May 16, 2017 • 28min
Ottoline Leyser on how plants decide what to do
To the untrained eye, a plant's existence may seem rather uneventful. It spends its days rooted to the spot, seemingly at the mercy of its environment. Not so, plant biologist Ottoline Leyser explains to Jim Al-Khalili. Plants are intelligent creatures that possess a unique ability to adapt in ways we animals can only dream of. They can alter their entire body plan of roots and shoots, when required, in response to their surroundings. Now Director of the Sainsbury Laboratory & Professor of Plant Development at Cambridge University, Ottoline has spent her career unearthing the mysterious mechanisms that underpin this process. She's pieced together the finely-tuned network of hormonal signals which regulate how the roots and shoots of a plant develop.These new insights into what plants get up to are so remarkable that Ottoline is determined to change the way we think about them.Producer: Beth Eastwood.

May 9, 2017 • 28min
Fay Dowker on a new theory of space-time
For a long time Fay Dowker was mathematically precocious, but emotionally uncertain. These days, despite working in an area with few academic allies, she is more confident than ever. Her approach to a Theory of Everything, known as causal set theory, acknowledges the quantum nature of the universe and takes the arrow of time more seriously than Einstein. Bye bye time travel. Fay started her Life Scientific working on the assumption that the texture of the universe was continuous and smooth, with Stephen Hawking as her supervisor. But mid-career, she changed her mind. She now thinks in terms of 'atoms' of space-time. Down at the tiniest scale imaginable, the universe is granular, made of discrete entities that represent a point in space and a moment in time. Most theoretical physicists were shocked to discover in 1998 that the expansion rate of the universe was accelerating. Not the causal set theorists. Unlike everyone else, they were expecting this result. What's more, if causual set theory is right, there will be no need to explain dark energy, an idea which seems 'just wacky and a little bit malicious', to Fay. Producer: Anna Buckley.

May 2, 2017 • 28min
Ann Clarke on The Frozen Ark
Tiny tree dwelling snails, partula, were so abundant across French Polynesia that garlands of partula shells would be presented to visitors to the islands. But when immunologist Dr Ann Clarke joined her husband, the late evolutionary biologist Professor Bryan Clarke, on expeditions to research the unique way this species had developed, a study in speciation turned, before their eyes, into a study of extinction.

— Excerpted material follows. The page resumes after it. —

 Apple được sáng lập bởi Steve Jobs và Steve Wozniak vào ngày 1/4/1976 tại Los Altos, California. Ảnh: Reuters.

Ann witnessed first-hand the terrifying speed that biological controls, another mollusc introduced to kill a different, larger predatory snail, instead turned on Partula, and within a few short years, drove them to extinction in the wild.
The subsequent scramble to save the species resulted in the launch of a global effort called The Frozen Ark to save the genetic resources of all animals which, like partula, face obliteration.
The Frozen Ark was founded by Ann, her husband and the late Professor Ann MacLaren and with consortium members around the world, tissue and genetic material from threatened fauna is preserved as an ultimate animal conservation back-up. More than 48,000 samples have been collected by Frozen Ark members in zoos and natural history museums around the world from more than 5,500 different species. Frozen samples inform multiple captive breeding programmes, including at London Zoo, where descendants of partula rescued from extinction, are being bred ready for re-introduction back to their home in French Polynesia.
And all this wasn't Ann's main career!
As well as admitting to Jim that she was read bedtime stories as a child by the great JR Tolkien and that in her first ever job as a lab technician she helped Nobel Prize winner Sir John Gurdon with his nuclear transfer experiments, Ann also had a long and successful career as an immunologist and embryologist, fuelled by a life long interest in embryonic tolerance and immunity.